# 3" custom dual exhaust



## Uberhare (Jul 30, 2003)

Magnaflow 14835 race series mufflers w/ double wall tips. 3" inlet, 4" outlet. I kept the stock piping from the cats back about 4' for now until I install K04s and new downpipes/cats. Then it will be full 3". The install shop made custom 2.25" to 3" transitions and ran 3" pipe all the way back. Plenty of room. The mufflers are a tight fit, but it works. No rubbing or rattling. Also, no center resonator.
Sounds is amazing. I'm very happy with the results. 3" pipe gives it a deeper, more exotic sound. Sounds like a pissed off R32 on 'roids.
Sorry for the crappy picture. I'll get better ones tonight.








Muffler:


----------



## Jory (Apr 29, 2005)

*Re: 3" custom dual exhaust (Uberhare)*

Got a soundclip?








Looks great http://****************.com/smile/emthup.gif


----------



## Massboykie (Aug 15, 2006)

*Re: 3" custom dual exhaust (Jory)*


_Quote, originally posted by *Jory* »_Got a soundclip?








Looks great http://****************.com/smile/emthup.gif 

http://****************.com/smile/emthup.gif


----------



## GLS-S4 (Jun 6, 2005)

*Re: 3" custom dual exhaust (Uberhare)*

Sweet http://****************.com/smile/emthup.gif


----------



## Uberhare (Jul 30, 2003)

*Re: 3" custom dual exhaust (Jory)*

No sound clip yet. I'll do that this weekend. I'll also get better pictures.


----------



## EK20 (Sep 28, 2004)

*Re: 3" custom dual exhaust (Uberhare)*


_Quote, originally posted by *Uberhare* »_No sound clip yet. I'll do that this weekend. I'll also get better pictures.

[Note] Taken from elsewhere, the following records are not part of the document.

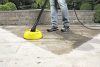 Karcher K 2 Power Control Car & Home Magasnyomású mosó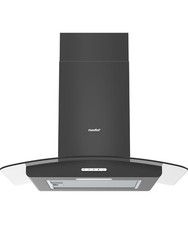 Comfee cooker hood for sale  SMETHWICK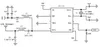 Módulo de radiofrecuencia de 433 Mhz, receptor y transmisor con antena para Arduino uno, kits Diy, control remoto de 433 mhz, 2 canales ► Foto 3/6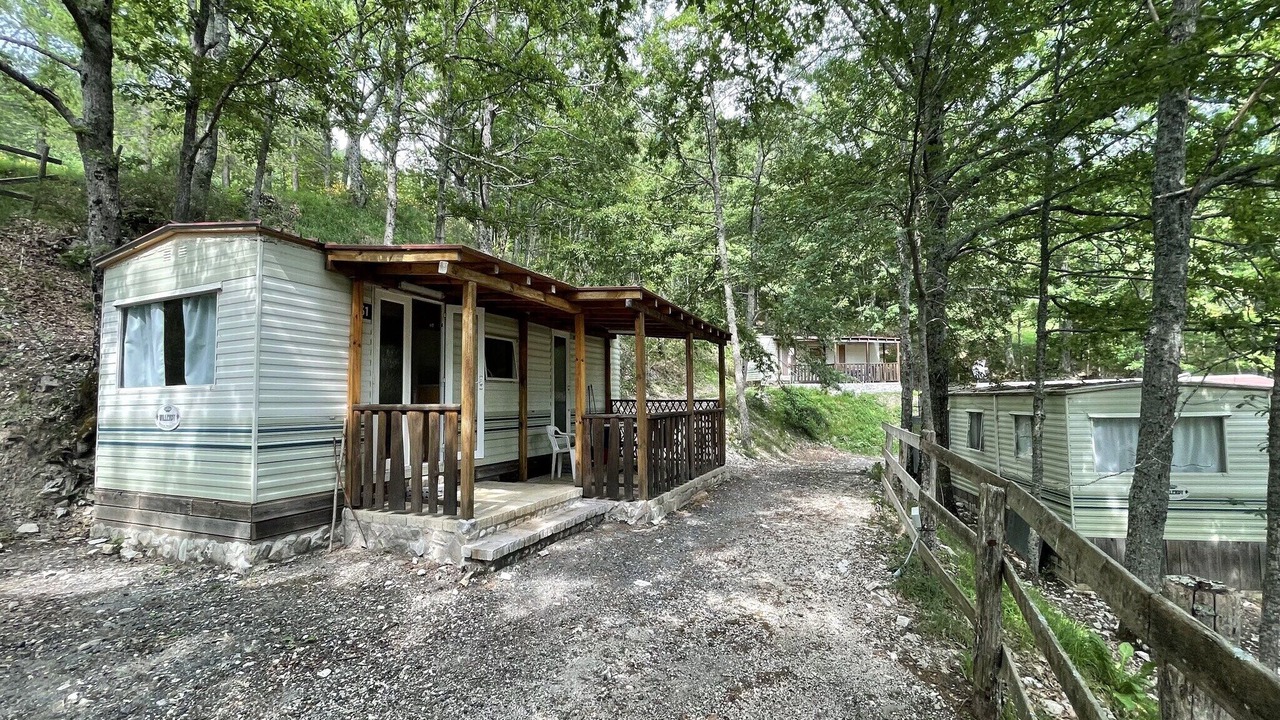 Photo of Outdoor in Chiusi della Verna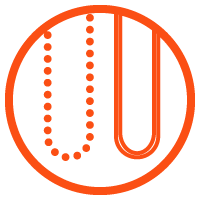 Yewdale-BlindCompany-QualityChain-Icon1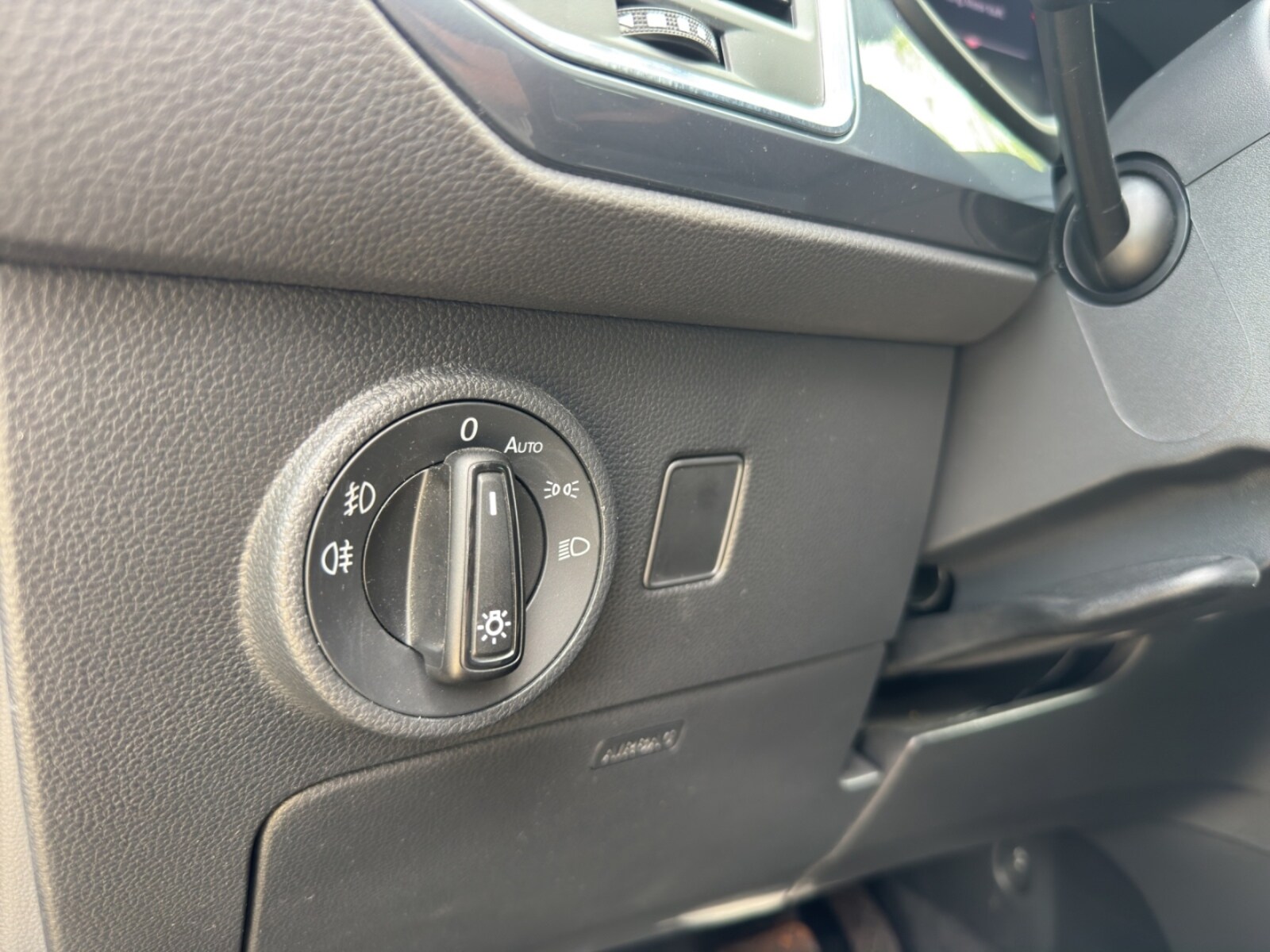 SEAT Ateca – Bild 13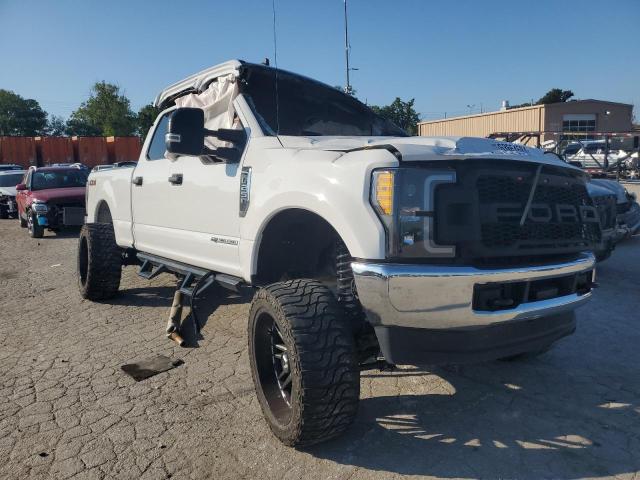 2019 FORD F250 SUPER 1FT7W2BT8KEE57189  63654584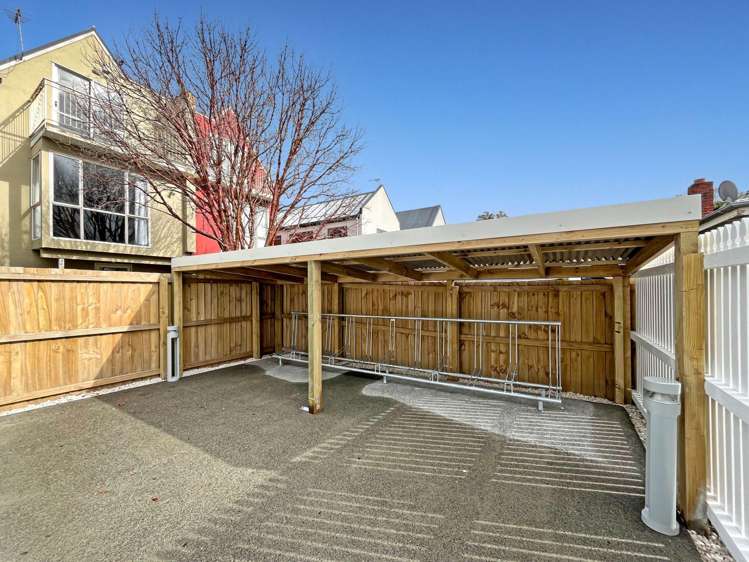 7/266 Kilmore Street Christchurch Central_18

We're waaaaaaaaiiiiiiiitttting.


----------



## 71DubBugBug (Dec 3, 2006)

they look good
but i want to hear them


----------



## EK20 (Sep 28, 2004)

*Re: (71DubBugBug)*

Totally, I gotta get some ideas for an exhaust setup, and those look pretty nice. If they sound half as good as they look, I'll pick those up.


----------